Multiline string is indicated by a dollar sign $, followed by one of the delineators, either * or $ and is terminated by the same delineator. Within the body of string constant all text is taken verbatim. For example:

ThisString = $$Hello
World$. 
AnotherString = $*Goodbye 
World*.

Multiline strings cannot contain escape characters

Identifier string starts with a dollar sign, followed by an identifier with possible inclusion of :: in it. This syntax intended to be used to name fields in records.

S1 = $ThisString. // identical to "ThisString"
_assert (S1 == "ThisString"). 
S2 = $This::String. // identical to "This::String"
_assert (S2 == "This::String"). 
// not valid: 
// $hello:world
// $1234

Binary constants are represented as hexadecimal strings:

ValidBinary1 = 0xabcd1234DF. // must have an even number of case-insensitive hexadecimal digits
EmptyBinary = 0x. // this is also valid for completeness, indicates zero-length binary

Binary constants can be additionally represented as base-58 strings, in this case the prefix is 58b.

ValidBase58Binary = 58b123. 
_print ValidBase58Binary.

Prints:

0x003C

Boolean constants are represented as identifiers TRUE and FALSE (valid in all uppercase only).

In summary:

Expressions

Functional Reductions

Reduction refers to function invocations and container lookups. Reductions use Curry notation, i.e. two sub-expressions separated by whitespace: a b.

Arithmetic Operators

MUFL supports standard arithmetic operations +, -, *, / and % for addition, subtraction, multiplication, division and modulo, respectively.

A = 12. 
B = 5. 
_print "A + B = " (A + B) "\n". 
_print "A - B = " (A - B) "\n". 
_print "A * B = " (A * B) "\n". 
_print "A / B = " (A / B) "\n". 
_print "A % B = " (A % B) "\n".

Prints:

A + B = 17 
A - B = 7 
A * B = 60 
A / B = 2 
A % B = 2

Syntactically, arithmetic expressions always need to be separated from reduction expressions with parenthesis. This expression is not valid: a b + c, one must always disambiguate it with either (a b) + c or a (b + c).

Comparison Operators

MUFL supports standard set of comparison operations ==, <, >, <=, and >=. Any value can be compared with any value. Within specific domains, such as strings and integers, comparisons are guaranteed to produce an expected well-ordered result.

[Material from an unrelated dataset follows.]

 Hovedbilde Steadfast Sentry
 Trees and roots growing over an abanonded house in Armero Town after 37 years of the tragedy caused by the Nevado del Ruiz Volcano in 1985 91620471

Comparison between domains or within non-well-ordered domains have consistent results, but no specific order should be relied on.

A = 12. 
B = 5.
_print "A == B IS " (A == B) "\n". 
_print "A != B IS " (A != B) "\n". 
_print "A < B IS " (A < B) "\n". 
_print "A <= B IS " (A <= B) "\n". 
_print "A > B IS " (A > B) "\n". 
_print "A >= B IS " (A >= B) "\n".

Prints:

A == B IS %%FALSE 
A != B IS %%TRUE 
A < B IS %%FALSE 
A <= B IS %%FALSE 
A > B IS %%TRUE 
A >= B IS %%TRUE

Predicate Operators

MUFL supports predicate operators || for disjunction and && for conjunction. Any value that is neither NIL nor FALSE behaves as TRUE in this context.

_print "TRUE && TRUE = " (TRUE && TRUE) "\n". 
_print "FALSE || FALSE = " (FALSE || FALSE) "\n".

Prints:

TRUE && TRUE = %%TRUE 
FALSE || FALSE = %%FALSE

Logical NOT

MUFL supports logical operator ! for not. Any value except for FALSE and NIL behaves as TRUE in this context.

_print "!TRUE = " (!TRUE) "\n".
_print "!FALSE = " (!FALSE) "\n". 
_print "!NIL = " (!NIL) "\n".

Prints:

!TRUE = %%FALSE 
!FALSE = %%TRUE 
!NIL = %%TRUE

Collections

These syntactic constructs represent collections:

• (,) an empty dictionary (synonymous to [])
• ("name1"->"value1", "name2"->"value") a simple string dictionary
• (1->"value1", "name2"->2) a dictionary that maps some strings into some integers and some integers into some strings
• ["a", "b", "c"] a dictionary mapping integer indices 0, 1, and 2 to strings “a”, “b”, “c”; synonymous to (0->"a", 1->"b", 2->"c")
• (1,2,3) a dictionary representing a set, where each of the three elements maps into value TRUE
• ("a"->(1->"one", 2->"two)) a two-level dictionary
• [[1,2],[3,4]] a two-level dictionary representing a 2x2 matrix of numbers
• ["a", "b", 4->"d", "e"] a number dictionary where indices are numbers 0 through 5 with a gap at 2 and 3

The Ternary Operator

Much like other programming languages, the ternary operator enables a choice inside of an expression.

Note semicolon separating ‘then’ from ‘else’ clause of the ternary operator

some_value = TRUE. 
A = (some_value ?? 1; 5). // if some_value is TRUE then return 1 otherwise return 5. 
_print "A = " A "\n".

Prints:

A = 1

As illustrated above, the return type of a ternary operator is a disjunction of the types returned by its then- and else-subexpressions.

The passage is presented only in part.